Gabriel García Márquez y Pablo Neruda: entrevista.
Palabras pronunciadas por el periodista y escritor
colombiano Gabriel García Márquez, Premio Nobel de Literatura y
presidente de la Fundación Gabriel García Márquez para el Nuevo
Periodismo Iberoamericano –FNPI–, ante la 52a. asamblea de la Sociedad
Interamericana de Prensa, SIP, en Los Angeles, U.S.A., octubre 7 de
1996.
A una universidad colombiana se le preguntó cuáles son las pruebas de
aptitud y vocación que se hacen a quienes desean estudiar periodismo y
la respuesta fue terminante: “Los periodistas no son artistas”. Estas
reflexiones, por el contrario, se fundan precisamente en la certidumbre
de que el periodismo escrito es un género literario.

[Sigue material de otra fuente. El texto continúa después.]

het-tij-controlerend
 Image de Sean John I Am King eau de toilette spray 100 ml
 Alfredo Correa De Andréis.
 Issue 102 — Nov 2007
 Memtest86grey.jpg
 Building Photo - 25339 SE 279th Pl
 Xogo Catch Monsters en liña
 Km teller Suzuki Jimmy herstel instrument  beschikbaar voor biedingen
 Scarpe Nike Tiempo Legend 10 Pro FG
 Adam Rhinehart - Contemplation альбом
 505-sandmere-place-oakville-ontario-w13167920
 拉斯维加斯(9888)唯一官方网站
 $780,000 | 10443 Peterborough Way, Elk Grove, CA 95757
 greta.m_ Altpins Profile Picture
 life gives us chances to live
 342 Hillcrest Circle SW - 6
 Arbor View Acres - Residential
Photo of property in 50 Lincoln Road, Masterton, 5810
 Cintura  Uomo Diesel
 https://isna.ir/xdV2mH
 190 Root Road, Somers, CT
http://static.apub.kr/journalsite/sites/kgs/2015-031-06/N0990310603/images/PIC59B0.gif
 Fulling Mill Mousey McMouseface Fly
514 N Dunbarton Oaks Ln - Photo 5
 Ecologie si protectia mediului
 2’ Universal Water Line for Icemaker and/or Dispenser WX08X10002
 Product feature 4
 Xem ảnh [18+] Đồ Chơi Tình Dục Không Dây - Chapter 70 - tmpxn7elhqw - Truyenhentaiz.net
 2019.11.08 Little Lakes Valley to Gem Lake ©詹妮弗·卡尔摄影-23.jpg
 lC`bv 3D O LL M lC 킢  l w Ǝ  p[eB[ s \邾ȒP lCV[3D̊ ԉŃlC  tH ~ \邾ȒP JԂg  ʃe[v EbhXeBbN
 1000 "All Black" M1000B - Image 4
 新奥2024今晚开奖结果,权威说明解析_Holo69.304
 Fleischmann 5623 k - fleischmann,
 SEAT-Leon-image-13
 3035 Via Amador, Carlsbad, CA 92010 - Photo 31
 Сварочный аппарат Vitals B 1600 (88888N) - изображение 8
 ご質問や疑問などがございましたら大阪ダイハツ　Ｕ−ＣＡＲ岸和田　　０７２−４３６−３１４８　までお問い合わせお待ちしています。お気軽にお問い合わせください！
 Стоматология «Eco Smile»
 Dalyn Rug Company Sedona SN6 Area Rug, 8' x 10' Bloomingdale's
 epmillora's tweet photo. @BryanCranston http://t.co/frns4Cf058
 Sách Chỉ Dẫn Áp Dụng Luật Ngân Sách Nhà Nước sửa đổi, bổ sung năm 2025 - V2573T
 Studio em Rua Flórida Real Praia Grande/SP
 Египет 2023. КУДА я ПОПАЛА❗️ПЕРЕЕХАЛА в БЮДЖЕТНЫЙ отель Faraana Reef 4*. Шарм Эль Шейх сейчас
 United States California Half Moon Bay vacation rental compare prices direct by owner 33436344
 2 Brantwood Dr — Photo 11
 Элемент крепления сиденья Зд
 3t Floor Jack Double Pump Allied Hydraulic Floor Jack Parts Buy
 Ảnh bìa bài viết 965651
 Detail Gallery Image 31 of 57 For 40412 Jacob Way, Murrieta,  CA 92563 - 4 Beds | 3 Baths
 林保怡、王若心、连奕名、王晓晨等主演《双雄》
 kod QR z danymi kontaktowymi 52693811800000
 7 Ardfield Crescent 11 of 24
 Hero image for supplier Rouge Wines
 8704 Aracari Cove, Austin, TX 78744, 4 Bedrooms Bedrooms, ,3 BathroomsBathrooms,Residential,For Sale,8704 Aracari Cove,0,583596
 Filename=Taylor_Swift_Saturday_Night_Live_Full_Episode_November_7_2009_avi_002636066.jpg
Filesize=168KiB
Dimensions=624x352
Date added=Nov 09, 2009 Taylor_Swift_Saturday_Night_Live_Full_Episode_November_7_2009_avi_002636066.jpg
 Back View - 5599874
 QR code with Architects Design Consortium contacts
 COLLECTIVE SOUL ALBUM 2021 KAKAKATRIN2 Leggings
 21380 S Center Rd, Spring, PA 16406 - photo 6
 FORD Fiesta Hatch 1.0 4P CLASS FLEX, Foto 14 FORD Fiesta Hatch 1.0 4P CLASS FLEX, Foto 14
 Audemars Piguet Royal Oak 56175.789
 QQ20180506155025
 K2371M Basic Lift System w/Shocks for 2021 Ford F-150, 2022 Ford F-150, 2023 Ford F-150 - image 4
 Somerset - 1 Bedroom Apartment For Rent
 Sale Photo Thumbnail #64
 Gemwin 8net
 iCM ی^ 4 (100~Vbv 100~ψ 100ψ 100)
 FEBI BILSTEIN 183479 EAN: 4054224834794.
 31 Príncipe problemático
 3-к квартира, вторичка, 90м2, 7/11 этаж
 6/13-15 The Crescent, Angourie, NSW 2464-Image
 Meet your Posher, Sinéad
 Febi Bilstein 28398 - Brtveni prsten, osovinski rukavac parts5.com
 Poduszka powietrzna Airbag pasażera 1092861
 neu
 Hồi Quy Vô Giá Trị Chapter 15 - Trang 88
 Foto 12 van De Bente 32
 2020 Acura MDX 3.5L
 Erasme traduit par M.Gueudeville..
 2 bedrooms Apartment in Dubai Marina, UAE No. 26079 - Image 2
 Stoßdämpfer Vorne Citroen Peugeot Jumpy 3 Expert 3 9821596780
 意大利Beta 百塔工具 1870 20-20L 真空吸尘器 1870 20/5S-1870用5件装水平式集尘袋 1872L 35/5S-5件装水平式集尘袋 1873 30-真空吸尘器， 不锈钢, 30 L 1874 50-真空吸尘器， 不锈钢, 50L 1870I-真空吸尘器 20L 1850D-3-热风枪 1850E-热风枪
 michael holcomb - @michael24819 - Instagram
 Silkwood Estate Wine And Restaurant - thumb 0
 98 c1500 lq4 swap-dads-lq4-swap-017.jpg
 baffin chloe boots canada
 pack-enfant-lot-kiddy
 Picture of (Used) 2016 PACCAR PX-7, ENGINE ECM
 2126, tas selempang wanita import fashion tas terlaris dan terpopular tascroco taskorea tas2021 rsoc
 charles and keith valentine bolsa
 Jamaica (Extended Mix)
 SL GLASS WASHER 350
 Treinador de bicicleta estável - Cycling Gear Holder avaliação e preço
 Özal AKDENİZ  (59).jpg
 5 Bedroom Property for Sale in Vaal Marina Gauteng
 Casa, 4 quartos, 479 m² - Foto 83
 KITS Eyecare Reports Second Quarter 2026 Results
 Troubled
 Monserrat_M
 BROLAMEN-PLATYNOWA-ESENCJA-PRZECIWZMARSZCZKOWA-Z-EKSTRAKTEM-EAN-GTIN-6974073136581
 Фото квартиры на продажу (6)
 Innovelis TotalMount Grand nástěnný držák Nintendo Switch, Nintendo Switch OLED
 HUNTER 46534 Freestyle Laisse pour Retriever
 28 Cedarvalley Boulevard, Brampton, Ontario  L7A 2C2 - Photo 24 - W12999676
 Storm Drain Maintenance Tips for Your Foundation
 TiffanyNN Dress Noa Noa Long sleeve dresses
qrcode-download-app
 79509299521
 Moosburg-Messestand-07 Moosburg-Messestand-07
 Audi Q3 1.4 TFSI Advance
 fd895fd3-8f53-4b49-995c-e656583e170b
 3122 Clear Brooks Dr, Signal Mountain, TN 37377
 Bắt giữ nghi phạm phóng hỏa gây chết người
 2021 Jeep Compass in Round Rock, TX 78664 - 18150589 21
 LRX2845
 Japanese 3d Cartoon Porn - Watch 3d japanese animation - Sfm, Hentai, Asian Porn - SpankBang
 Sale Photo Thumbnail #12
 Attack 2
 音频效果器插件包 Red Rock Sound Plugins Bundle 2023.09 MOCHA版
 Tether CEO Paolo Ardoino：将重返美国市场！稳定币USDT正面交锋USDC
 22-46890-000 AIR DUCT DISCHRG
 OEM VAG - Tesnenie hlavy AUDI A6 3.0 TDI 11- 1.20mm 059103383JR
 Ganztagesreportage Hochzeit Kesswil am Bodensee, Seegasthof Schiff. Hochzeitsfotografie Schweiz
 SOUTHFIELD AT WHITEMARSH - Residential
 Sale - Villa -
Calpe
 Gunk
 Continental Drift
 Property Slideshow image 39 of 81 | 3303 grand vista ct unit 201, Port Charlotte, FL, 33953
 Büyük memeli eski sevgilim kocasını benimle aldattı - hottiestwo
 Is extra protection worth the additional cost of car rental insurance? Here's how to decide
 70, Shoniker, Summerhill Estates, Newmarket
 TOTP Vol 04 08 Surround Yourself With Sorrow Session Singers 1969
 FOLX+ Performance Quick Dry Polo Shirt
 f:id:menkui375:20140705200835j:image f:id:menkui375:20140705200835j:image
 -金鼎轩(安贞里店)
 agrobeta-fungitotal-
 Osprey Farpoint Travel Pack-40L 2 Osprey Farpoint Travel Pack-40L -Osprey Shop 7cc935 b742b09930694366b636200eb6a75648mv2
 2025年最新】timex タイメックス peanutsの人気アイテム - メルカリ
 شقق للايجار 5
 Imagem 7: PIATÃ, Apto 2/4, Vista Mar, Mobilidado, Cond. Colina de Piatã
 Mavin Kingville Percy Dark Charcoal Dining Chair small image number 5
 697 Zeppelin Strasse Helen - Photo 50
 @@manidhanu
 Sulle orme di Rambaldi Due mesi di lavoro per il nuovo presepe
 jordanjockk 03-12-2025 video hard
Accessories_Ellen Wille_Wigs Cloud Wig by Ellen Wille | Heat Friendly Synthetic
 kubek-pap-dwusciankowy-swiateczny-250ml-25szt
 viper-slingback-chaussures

Hace unos cincuenta años no estaban de moda las escuelas de
periodismo. Se aprendía en las salas de redacción, en los talleres de
imprenta, en el cafetín de enfrente, en las parrandas de los viernes.
Todo el periódico era una fábrica que formaba e informaba sin equívocos,
y generaba opinión dentro de un ambiente de participación que mantenía
la moral en su puesto. Pues los periodistas andábamos siempre juntos,
hacíamos vida común, y éramos tan fanáticos del oficio que no hablábamos
de nada distinto que del oficio mismo. El trabajo llevaba consigo una
amistad de grupo que inclusive dejaba poco margen para la vida privada.
No existían las juntas de redacción institucionales, pero a las cinco de
la tarde, sin convocatoria oficial, todo el personal de planta hacía
una pausa de respiro en las tensiones del día y confluía a tomar el café
en cualquier lugar de la redacción. Era una tertulia abierta donde se
discutían en caliente los temas de cada sección y se le daban los toques
finales a la edición de mañana. Los que no aprendían en aquellas
cátedras ambulatorias y apasionadas de veinticuatro horas diarias, o los
que se aburrían de tanto hablar de los mismo, era porque querían o
creían ser periodistas, pero en realidad no lo eran.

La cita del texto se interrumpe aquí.